Roger Tien-hung Luo (commonly referred to as Roger Luo, ), is ambassador of the Republic of China (Taiwan) to Solomon Islands, preceded by Victor Yu.

Biography
After Luo successfully completed the special examination for diplomats in 1983, he joined the Ministry of Foreign Affairs. He had posts in the Philippines, Swaziland, and St. Vincent. He met Hsing Yun, the founder of Buddha's Light International Association, in 1999. Luo was based in Busan in South Korea for six years during which he shared over 1,000 photos and 360 travel stories on his blog "Having More Fun in Korea Than Koreans" (). He was the deputy director of the Bureau of Consular Affairs in 2014.

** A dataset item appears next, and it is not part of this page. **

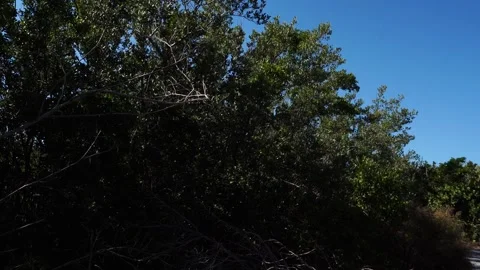 Many tree branches with an extravagant green glow, swaying slightly in the Stock Footage 331220906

Luo was appointed the Taiwanese ambassador to the Solomon Islands, a position he served in between January 2017 to August 2019. His wife joined him when Frank Kabui, the Governor-General of Solomon Islands, received his diplomatic credentials. While stationed at various locations, he took part in numerous commemorative events related to war and viewed military antiques. He authored the book My Time in Solomon Islands: World War II Battleground through the eyes of an Ambassador (), which was published in 2021. In a book review, Citi Cui of the China Times wrote, "After the author's careful study and on-the-spot observation, this book is easy to read, allowing readers to quickly understand the combat history of the United States and Japan in the Solomon Islands during World War II."